While the integration of the Power Query engine into Analysis Services Tabular 2017 and Azure Analysis Services with modern data sources will certainly bring a lot of benefits, I think it’s fair to say that the implementation has not been entirely painless. One problem is that it is no longer obvious how to specify your own SQL query to populate a table or partition in your Tabular model – and while the Query Editor is great, there are a lot of cases where this is necessary. In this post I’ll show you how to do this.

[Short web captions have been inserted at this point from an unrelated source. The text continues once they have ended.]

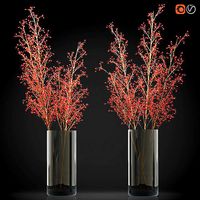 Decorative big branches with red berries in a glass vase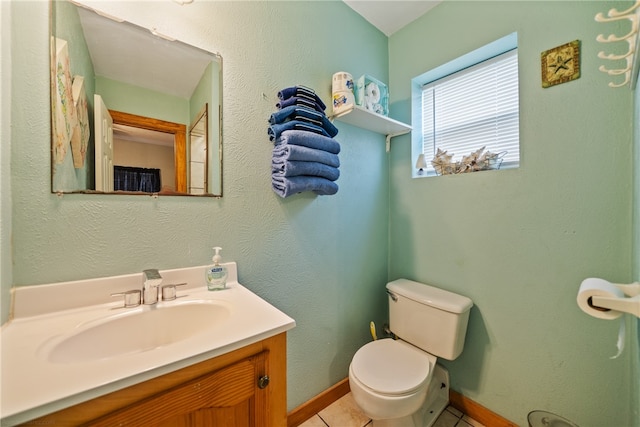 bathroom with toilet, vanity, and tile patterned floors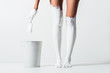 Leinwandbild Motiv cropped image of woman with legs painted with white paint holding brush above bucket on white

If you’re used to using the Power Query UI in Excel or Power BI Desktop, you’ll notice that when you connect to a SQL Server database using the SQL Server connector in SSDT:

image

…there is no option to enter your own SQL query when you do so:

image

This is deliberate. In Analysis Services, unlike Power BI and Excel, there is a distinction made between data sources and other M queries that return data from those data sources, one that makes a lot of sense in my opinion. While it is possible to enter your own SQL for other data source types, such as OLE DB connections, a data source object is really intended just to define a connection to a data source and not to define what data you want from that data source.

[You may also notice that there’s a “SQL statement” property on a SQL Server data source visible in the Visual Studio properties pane, but I don’t recommend you use it – it doesn’t seem to work well with the rest of the SSDT/Power Query UI]

To import a table or view in your database all you have to do is right-click on your data source and choose Import New Tables; my blog post from September last year describes how to do this, and how to use M functions for creating partitions.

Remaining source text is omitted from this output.